Trudeau claimed at a press conference Sunday that more financial assistance is being prepared and will soon be announced. But there is no indication to suggest that any of these new measures will alter the Trudeau government’s policy of opening the Treasury wide to the financial elite and providing meager rations for working people.
The ruling class agenda is fully endorsed by the trade unions, which played a key role in crafting the Trudeau government’s pro-big business measures. As he began talks with the Liberals and representatives of the corporate elite on the government’s COVID-19 Economic Response Plan, CLC President Yussuff said that it was necessary to establish a “collaborative front” to tackle the coronavirus pandemic.
This “collaborative front” aims to protect the wealth of the capitalists, while offering a pittance to laid-off workers and Canada’s overstretched healthcare system.
The ruling elite has done virtually nothing to prepare for the COVID-19 pandemic, squandering the two-month “window” offered by China’s efforts to halt the disease’s spread. Trudeau and Deputy Prime Minister Chrystia Freeland only wrote to the provinces two weeks ago to inquire about the state of their stocks of medical equipment and supplies. Moreover, decades of austerity, implemented by all the establishment parties, from the Conservatives, and Parti Quebecois and CAQ to the NDP, have left Canada’s dilapidated hospitals ill-equipped to deal with the pandemic.
With 1,400 confirmed coronavirus cases in Canada and 19 deaths, doctors are already issuing dire warnings. On Saturday, doctors at the Royal Columbian Hospital in the Vancouver suburb of New Westminster warned that the rapid spread of the disease in Canada’s third most populous province and shortages of equipment and personnel could soon lead to the health care system being overwhelmed as in Italy. “Tragically,” wrote the Royal Columbian’s head of medicine, Dr. Gerald Da Roza, on behalf of the hospital’s physicians, “Italy has had to choose who can receive intensive medical care based on age and risk profile; please do not force us to implement similar policies here as our hospitals become overrun.”
The Liberal government’s placing of workers on rations, and its refusal to systematically mobilize society’s resources—currently monopolized by big business—to halt the spread of the virus, ensure the best treatment for all COVID-19 patients, and shield working people from the pandemic’s economic fallout underscore the urgent necessity of the working class intervening independently to assert its interests.

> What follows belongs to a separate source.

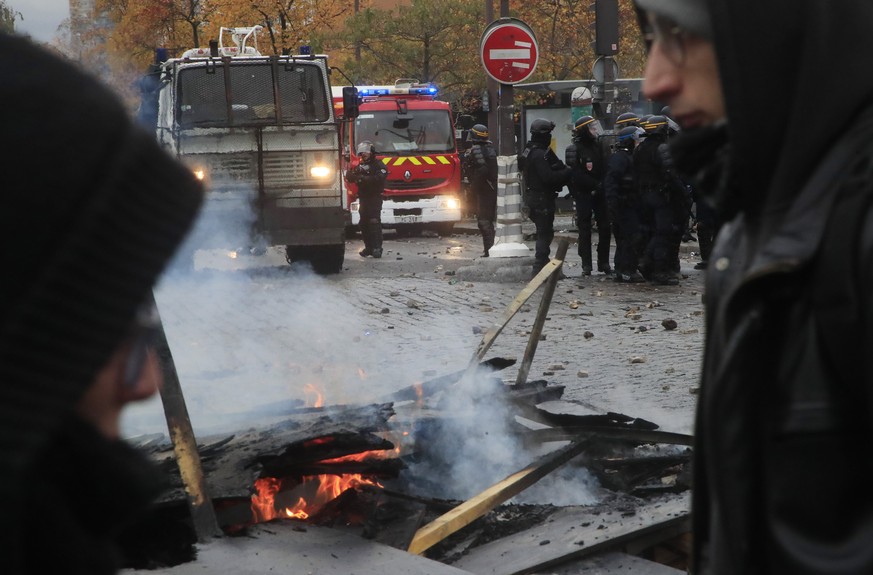 French riot police officers face protesters during a yellow vest demonstration marking it&#039;s first anniversary, in Paris, Saturday, Nov. 16, 2019. Tear gas and water cannon were used Saturday as P ...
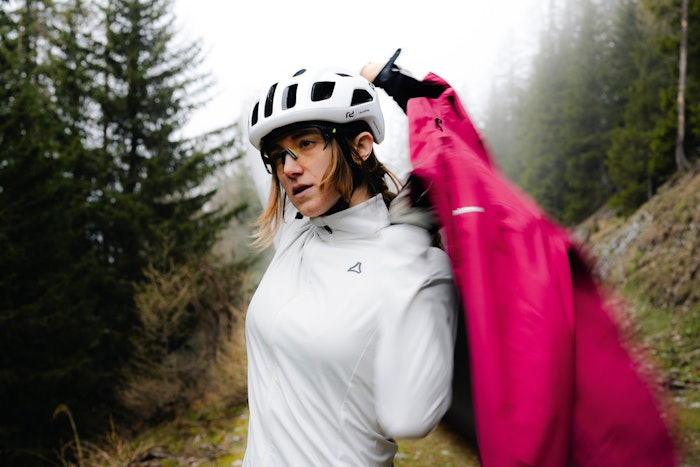 Une femme vêtue d'un t-shirt blanc enfile une veste de cycliste rose, Schöffel.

A comprehensive program of testing, tens of billions of dollars to strengthen the healthcare system, and hundreds of billions to provide a secure, livable income to the millions of workers and their families impacted by the crisis are essential measures. They will only be realized in bitter struggle against the socially criminal policies pursued by the capitalist class and all their political representatives.